Greg Sargent has some key developments in the
Reid-McConnell proposal that make it even worse. That commission it sets up? It's designed specifically to "reform" Social Security and Medicare.
Larry Kudlow, who’s plugged in with Congressional Republicans, scoops a key new detail about the emerging Mitch McConnell proposal to transfer control of the debt ceiling to the president:
McConnell is negotiating now with Sen. Harry Reid for a large-scale package that will allow the debt ceiling to rise unless overturned by a two-thirds vote. If a White House debt-ceiling deal comes through with $1.5 trillion of spending cuts, that will be part of the package. Right now, it’s not completed because enforceable spending caps have not been determined.
The key part of the new McConnell package is a joint committee to review entitlements in a massive deficit-reduction package. Unlike the Bowles-Simpson commission, this committee will be mandated to have a legislative outcome — an actual vote — that will occur early next year. No White House members. Evenly divided between Republicans and Democrats. No outsiders. This will be the first time such a study would have an expedited procedure mandated with no amendments permitted. Also, tax reform could be air-dropped into this committee’s report.
[...]If I’m reading this right, what this means is that in order to make the McConnell proposal more palatable to conservatives, there would be a mandated bipartisan review of entitlements next year.
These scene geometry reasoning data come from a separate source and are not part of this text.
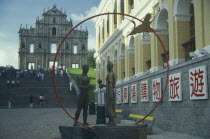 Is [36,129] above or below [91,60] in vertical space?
below

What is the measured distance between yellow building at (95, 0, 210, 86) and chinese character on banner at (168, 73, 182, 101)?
1.16 m

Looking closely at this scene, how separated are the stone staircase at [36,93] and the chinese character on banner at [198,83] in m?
26.6

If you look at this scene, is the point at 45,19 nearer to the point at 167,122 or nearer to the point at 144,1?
the point at 144,1

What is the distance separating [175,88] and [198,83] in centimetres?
211

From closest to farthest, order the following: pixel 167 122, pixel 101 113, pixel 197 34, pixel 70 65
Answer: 1. pixel 197 34
2. pixel 167 122
3. pixel 101 113
4. pixel 70 65

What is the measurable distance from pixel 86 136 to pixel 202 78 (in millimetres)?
4718

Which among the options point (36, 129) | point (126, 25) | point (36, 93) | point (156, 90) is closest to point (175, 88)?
point (156, 90)

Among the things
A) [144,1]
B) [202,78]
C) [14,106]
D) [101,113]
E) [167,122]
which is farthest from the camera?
[14,106]

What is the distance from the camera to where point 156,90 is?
1591cm

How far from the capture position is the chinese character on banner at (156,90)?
1544cm

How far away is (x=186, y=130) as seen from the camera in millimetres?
12516

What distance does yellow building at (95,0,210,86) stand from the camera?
1251 centimetres

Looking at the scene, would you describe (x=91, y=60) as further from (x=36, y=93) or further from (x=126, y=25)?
(x=126, y=25)

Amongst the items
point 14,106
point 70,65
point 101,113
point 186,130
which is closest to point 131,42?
point 101,113
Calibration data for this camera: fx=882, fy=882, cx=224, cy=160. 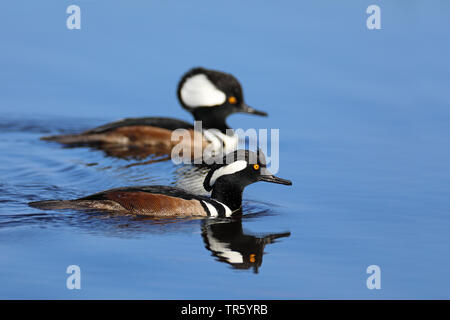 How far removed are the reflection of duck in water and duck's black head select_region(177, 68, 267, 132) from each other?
16.1 feet

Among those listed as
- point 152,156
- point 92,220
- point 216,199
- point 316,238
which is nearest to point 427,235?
point 316,238

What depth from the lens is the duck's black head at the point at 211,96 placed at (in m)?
15.1

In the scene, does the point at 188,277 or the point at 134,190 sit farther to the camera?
the point at 134,190

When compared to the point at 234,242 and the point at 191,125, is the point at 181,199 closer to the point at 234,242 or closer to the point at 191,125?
the point at 234,242

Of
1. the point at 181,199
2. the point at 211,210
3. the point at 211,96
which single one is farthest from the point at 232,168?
the point at 211,96

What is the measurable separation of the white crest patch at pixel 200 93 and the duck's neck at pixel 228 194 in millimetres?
4531

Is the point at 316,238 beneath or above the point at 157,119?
beneath

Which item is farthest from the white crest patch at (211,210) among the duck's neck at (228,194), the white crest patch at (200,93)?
the white crest patch at (200,93)

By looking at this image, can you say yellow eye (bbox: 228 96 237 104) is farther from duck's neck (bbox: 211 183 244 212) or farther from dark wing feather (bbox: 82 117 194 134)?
duck's neck (bbox: 211 183 244 212)

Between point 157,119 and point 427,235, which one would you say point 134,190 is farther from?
point 157,119

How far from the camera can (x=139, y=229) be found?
9820 mm

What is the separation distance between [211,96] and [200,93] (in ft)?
0.64

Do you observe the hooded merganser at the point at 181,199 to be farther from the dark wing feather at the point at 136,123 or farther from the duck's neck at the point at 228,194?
the dark wing feather at the point at 136,123

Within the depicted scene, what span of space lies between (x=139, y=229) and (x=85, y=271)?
148 cm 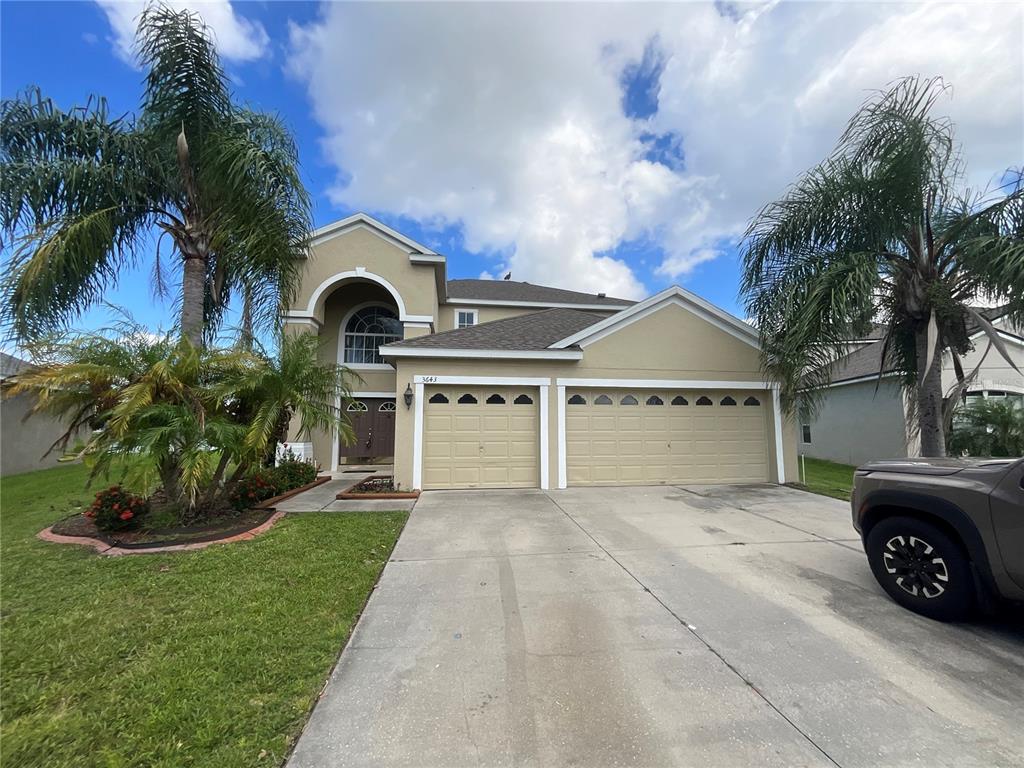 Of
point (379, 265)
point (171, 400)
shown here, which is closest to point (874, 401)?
point (379, 265)

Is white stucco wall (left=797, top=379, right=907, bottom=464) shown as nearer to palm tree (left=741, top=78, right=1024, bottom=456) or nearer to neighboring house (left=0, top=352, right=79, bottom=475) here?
palm tree (left=741, top=78, right=1024, bottom=456)

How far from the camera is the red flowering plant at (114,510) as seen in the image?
6586 millimetres

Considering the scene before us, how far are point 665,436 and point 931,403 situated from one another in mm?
5013

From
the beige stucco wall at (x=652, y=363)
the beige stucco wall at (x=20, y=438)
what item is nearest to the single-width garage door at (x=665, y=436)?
the beige stucco wall at (x=652, y=363)

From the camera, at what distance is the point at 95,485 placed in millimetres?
11758

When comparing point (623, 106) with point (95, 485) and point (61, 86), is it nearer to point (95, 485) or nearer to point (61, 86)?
point (61, 86)

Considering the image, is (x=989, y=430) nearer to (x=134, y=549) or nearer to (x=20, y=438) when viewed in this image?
(x=134, y=549)

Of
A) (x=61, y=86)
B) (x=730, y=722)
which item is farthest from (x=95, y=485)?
(x=730, y=722)

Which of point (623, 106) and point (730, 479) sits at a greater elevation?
point (623, 106)

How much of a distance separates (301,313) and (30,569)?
9322 mm

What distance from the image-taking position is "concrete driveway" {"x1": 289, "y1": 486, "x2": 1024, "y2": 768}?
2.40m

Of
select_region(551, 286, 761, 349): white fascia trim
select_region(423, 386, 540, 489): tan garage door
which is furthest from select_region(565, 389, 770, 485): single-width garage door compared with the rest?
select_region(551, 286, 761, 349): white fascia trim

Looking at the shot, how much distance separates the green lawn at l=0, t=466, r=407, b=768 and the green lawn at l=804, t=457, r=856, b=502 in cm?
960

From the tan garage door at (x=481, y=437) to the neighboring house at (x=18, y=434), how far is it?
11938mm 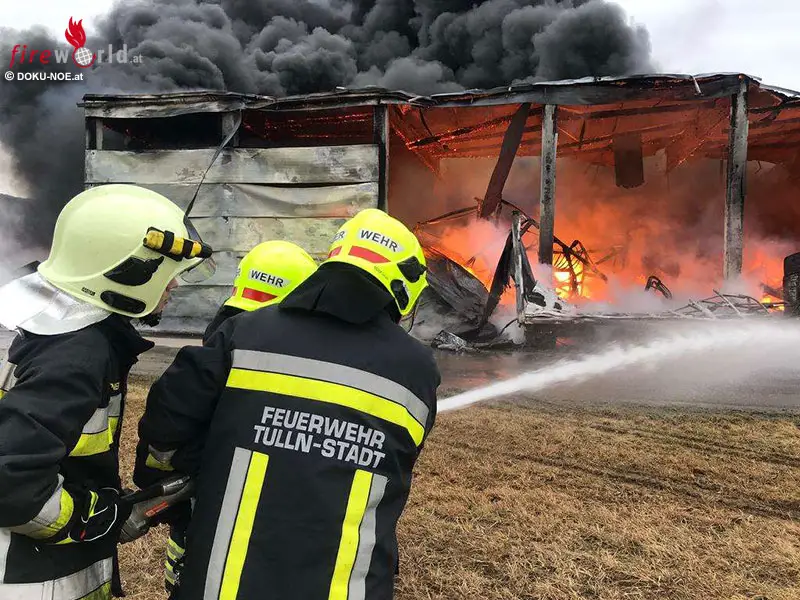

The source tells me that if a majority of the committee can agree on recommendations for entitlement reform, the proposal would also mandate a Congressional vote on those recommendations.
The semi-good news is that it puts the onus on members of Congress to actually vote to cut Social Security and Medicare, which they hate to do. It's unclear right now whether congressional Democrats would line up with this. It could potentially mean putting off any cuts to Social Security and Medicare in this package, putting that vote off to later, when the commission comes up with its recommendations. But that's not entirely clear yet.
The discretionary spending cuts that Reid and McConnell are supposedly talking about are somewhere in the $1 to $1.7 trillion range. Cuts of that size in discretionary spending have to come from social insurance programs—there's literally no where else in the budget to go unless defense is decimated. Which ain't gonna happen. It's becoming increasingly clear that we're not going to get out of this current hostage situation without a big hole started in the safety net. The only clean option, McConnell's original proposal, seems to be a dead letter, and President Obama is not going to let this opportunity to make cuts pass him up.